Problem statement: Return each line of the data below exactly, omitting any pictures.

Data section:
*** Block opens ***

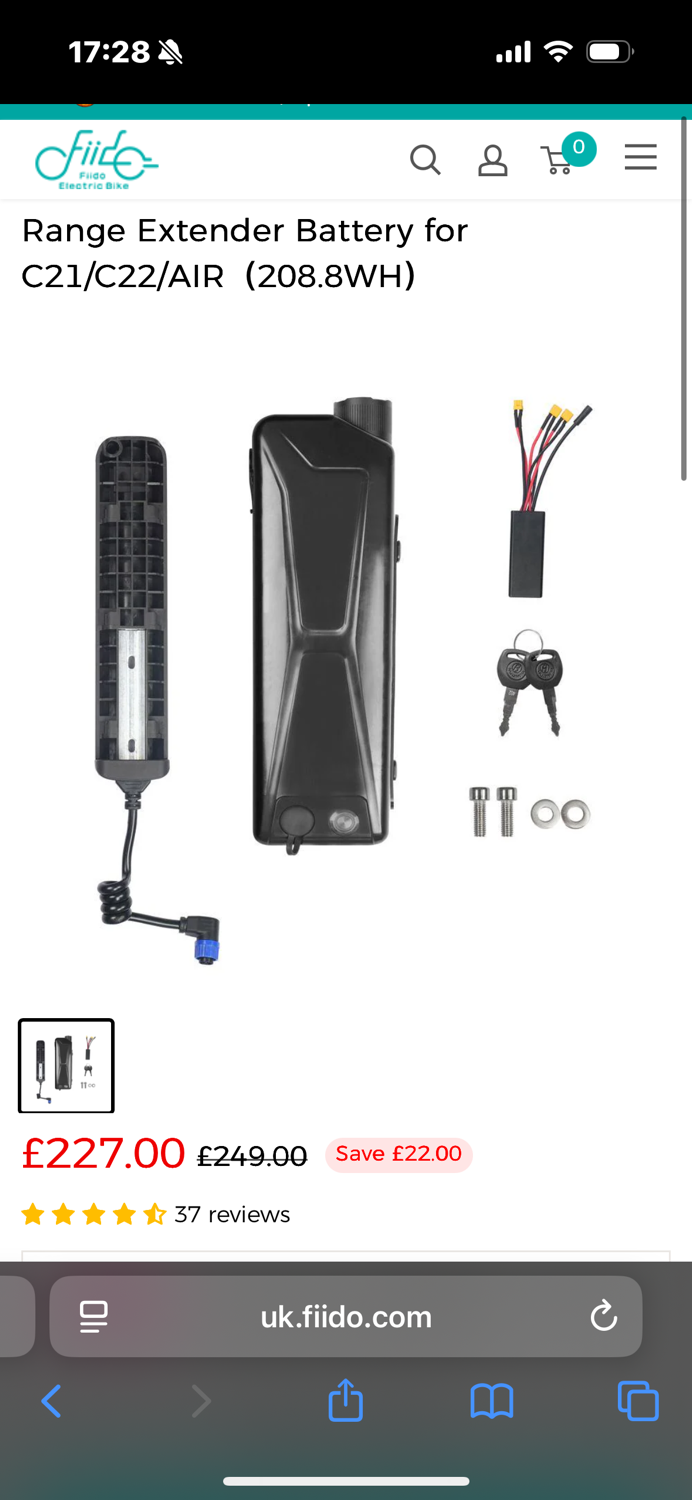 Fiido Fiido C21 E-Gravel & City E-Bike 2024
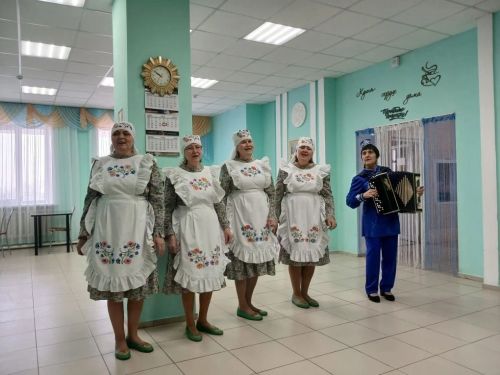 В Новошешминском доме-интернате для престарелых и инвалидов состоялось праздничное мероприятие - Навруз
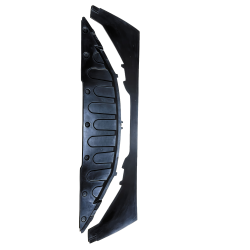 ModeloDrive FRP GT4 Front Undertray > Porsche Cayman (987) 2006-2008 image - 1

*** Block closes ***

Result of this task:
 Fiido Fiido C21 E-Gravel & City E-Bike 2024
 В Новошешминском доме-интернате для престарелых и инвалидов состоялось праздничное мероприятие - Навруз
 ModeloDrive FRP GT4 Front Undertray > Porsche Cayman (987) 2006-2008 image - 1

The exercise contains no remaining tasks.